How do airlines plan flight crew schedules around rest requirements and crew locations while minimizing hotel and deadheading costs?
These types of problems can be solved using optimization, a branch of applied mathematics that uses linear programming (LP) and mixed integer programming (MIP) to find optimal solutions. However, solving such problems isn’t easy because they often contain millions of variables and constraints that can slow CPUs. Approximate solutions can sometimes be found quickly, but finding highly accurate solutions takes longer.
NVIDIA cuOpt is an open source GPU-accelerated library for solving optimization problems. The latest cuOpt release includes a new solver for linear programs that uses the barrier method.
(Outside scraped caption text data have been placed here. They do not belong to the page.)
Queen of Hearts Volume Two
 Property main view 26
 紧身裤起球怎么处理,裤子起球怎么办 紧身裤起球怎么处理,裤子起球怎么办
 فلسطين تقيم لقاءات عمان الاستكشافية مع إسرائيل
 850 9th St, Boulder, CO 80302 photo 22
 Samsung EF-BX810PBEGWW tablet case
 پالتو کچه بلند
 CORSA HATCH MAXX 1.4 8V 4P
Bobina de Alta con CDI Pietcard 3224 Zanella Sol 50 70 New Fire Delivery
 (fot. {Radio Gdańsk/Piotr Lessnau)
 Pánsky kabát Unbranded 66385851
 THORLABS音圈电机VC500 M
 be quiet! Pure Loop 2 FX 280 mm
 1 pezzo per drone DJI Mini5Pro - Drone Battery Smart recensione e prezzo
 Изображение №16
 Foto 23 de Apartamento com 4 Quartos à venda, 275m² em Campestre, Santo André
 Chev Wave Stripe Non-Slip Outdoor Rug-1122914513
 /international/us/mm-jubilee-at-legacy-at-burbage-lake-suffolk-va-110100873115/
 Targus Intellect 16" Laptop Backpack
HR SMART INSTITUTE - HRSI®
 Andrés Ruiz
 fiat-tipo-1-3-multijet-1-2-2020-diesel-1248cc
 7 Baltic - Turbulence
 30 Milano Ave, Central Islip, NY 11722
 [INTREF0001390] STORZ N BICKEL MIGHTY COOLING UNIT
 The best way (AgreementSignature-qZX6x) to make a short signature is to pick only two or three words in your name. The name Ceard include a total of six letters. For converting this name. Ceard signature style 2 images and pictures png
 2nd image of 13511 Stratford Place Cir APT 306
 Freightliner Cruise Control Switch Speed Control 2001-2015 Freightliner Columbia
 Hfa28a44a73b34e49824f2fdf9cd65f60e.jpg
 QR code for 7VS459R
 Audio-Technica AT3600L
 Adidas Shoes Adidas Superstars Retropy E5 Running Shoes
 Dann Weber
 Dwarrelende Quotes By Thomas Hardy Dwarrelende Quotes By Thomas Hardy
This new solver complements the existing cuOpt LP solvers, enabling engineers, researchers, and developers to solve large-scale linear programs quickly and accurately.
Internal benchmarks show cuOpt barrier delivering over 8x average speedup compared to a leading open source CPU solver and over 2x average speedup compared to a popular commercial CPU solver on a public test set of large linear programs (Figure 1).
When cuOpt barrier is combined with cuOpt PDLP in concurrent mode, it ranked first among open source solvers and second overall out of eleven solvers in public benchmarks (retrieved October 20, 2025).
This post explains the basics of linear programs, introduces the new cuOpt GPU-accelerated barrier method, and dives deeper into the benchmark data on its performance.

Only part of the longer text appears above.